§ TASK DETAILS
Below are records to print word for word; include none of their pictures.

§ Brief descriptive captions
:::
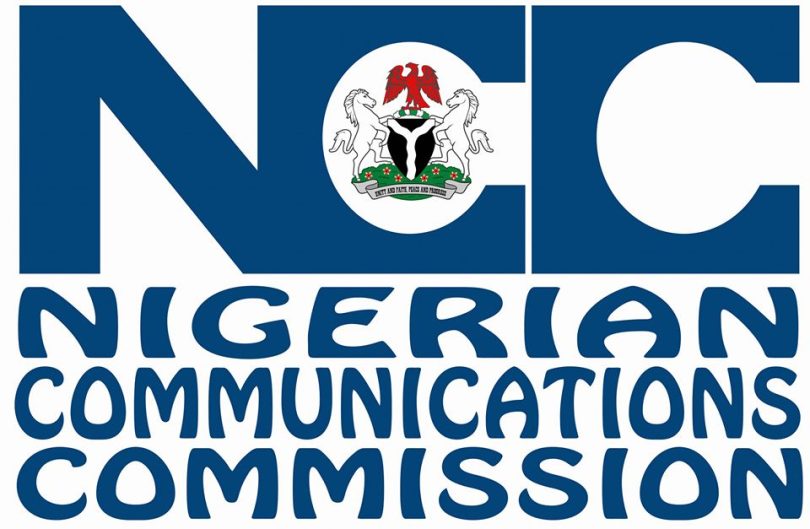 NCC 3 1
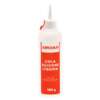 Cola de Silicone Circulo 100g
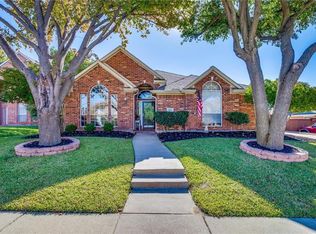 6005 Pin Oak Dr, McKinney, TX 75072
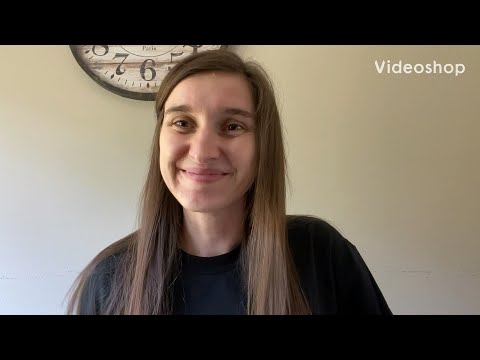 Delight Knits - Episode 1 - Knitting Podcast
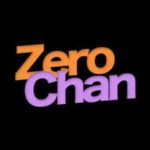 Zerochan.Net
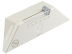 Электрический конвектор Nobo NFK2S 12 Viking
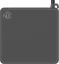 Asus NUC 15 Pro Slim Kit RNUC15CRKU506302 Cyber Canyon (EU Cord)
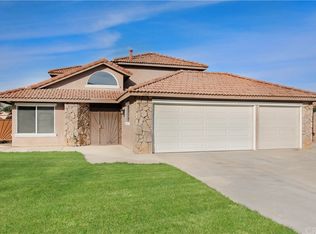 6889 Tatum Ct, Riverside, CA 92509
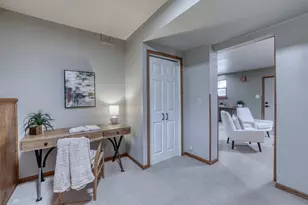 W355N5745 Lisbon Rd, Oconomowoc, WI 53066 - Photo 18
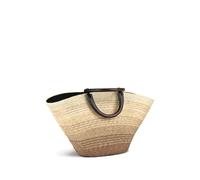 Eugenia Kim Carlotta tote bag - Neutrals One Size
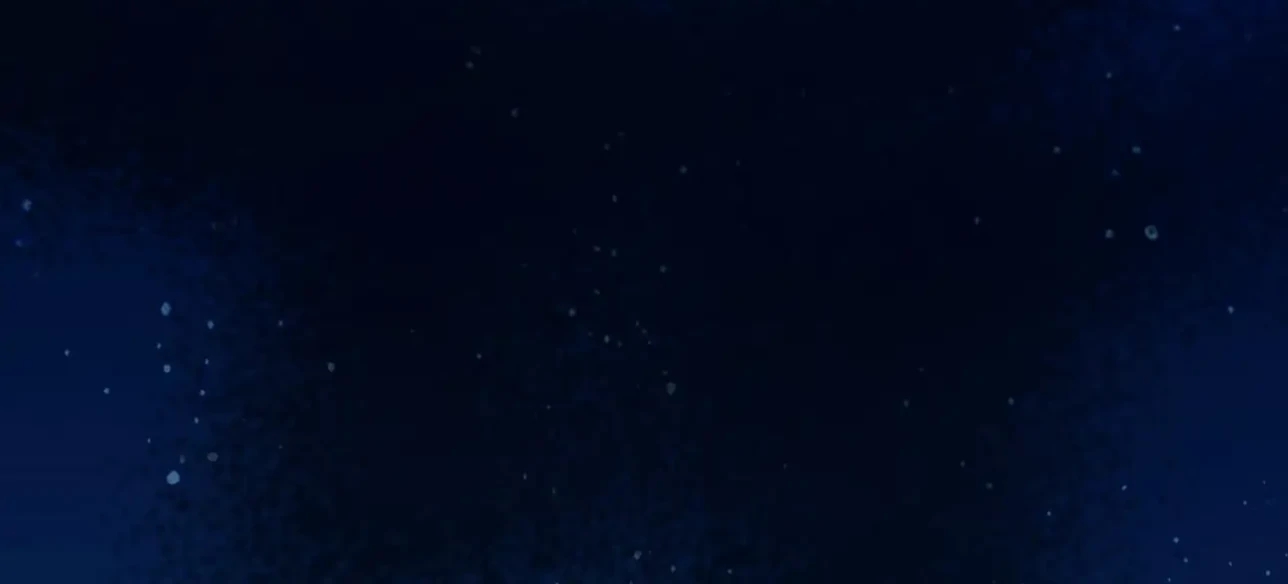 PASSION Chapter 137.4 page 91 - 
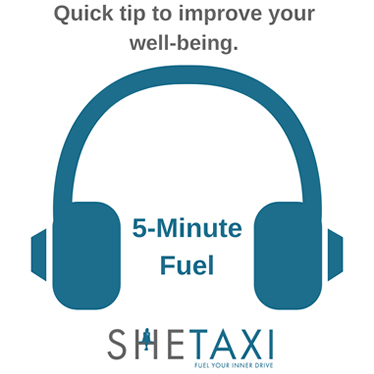 SheTaxi Podcast
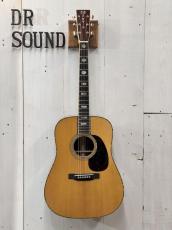 Martin 2025年製 CTM D-45 Feat.1940 #2955721【無金利分割OK】【送料込み】_2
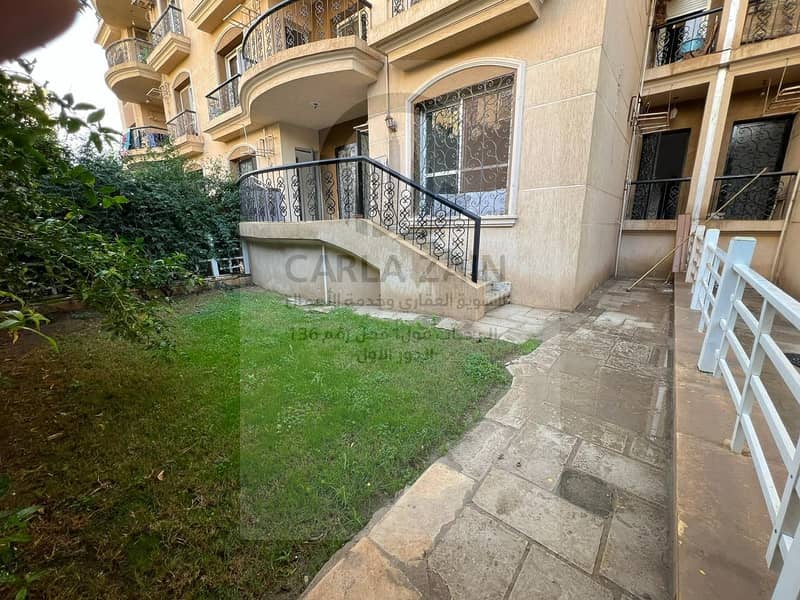 2 IMG-20251118-WA0356. jpg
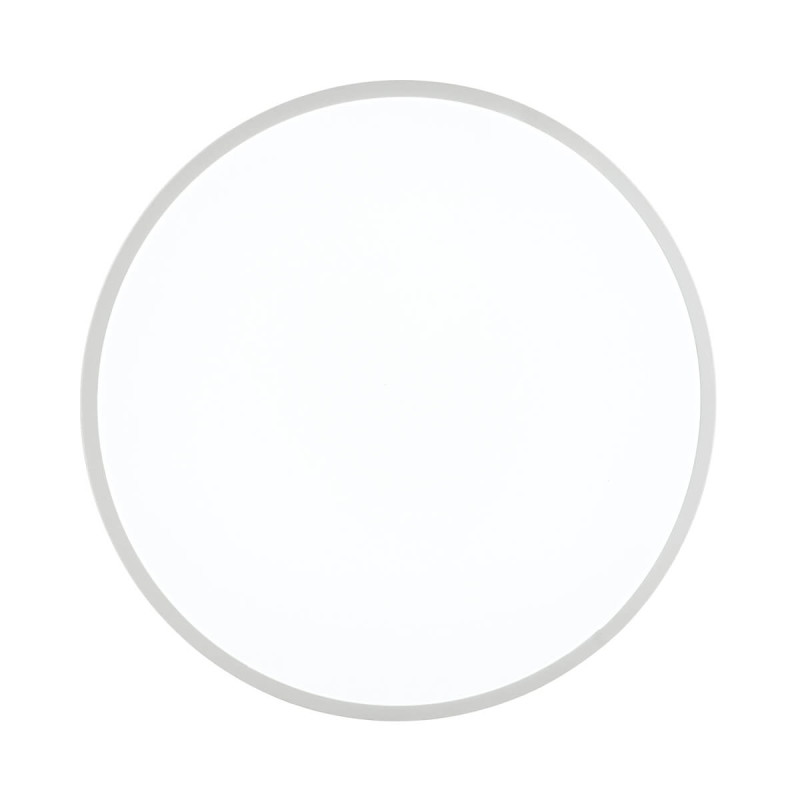 Накладной светильник Sonex 3014/DL УЦ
:::
§ TASK RESPONSE
 NCC 3 1
 Cola de Silicone Circulo 100g
 6005 Pin Oak Dr, McKinney, TX 75072
 Delight Knits - Episode 1 - Knitting Podcast
 Zerochan.Net
 Электрический конвектор Nobo NFK2S 12 Viking
 Asus NUC 15 Pro Slim Kit RNUC15CRKU506302 Cyber Canyon (EU Cord)
 6889 Tatum Ct, Riverside, CA 92509
 W355N5745 Lisbon Rd, Oconomowoc, WI 53066 - Photo 18
 Eugenia Kim Carlotta tote bag - Neutrals One Size
 PASSION Chapter 137.4 page 91 - 
 SheTaxi Podcast
 Martin 2025年製 CTM D-45 Feat.1940 #2955721【無金利分割OK】【送料込み】_2
 2 IMG-20251118-WA0356. jpg
 Накладной светильник Sonex 3014/DL УЦ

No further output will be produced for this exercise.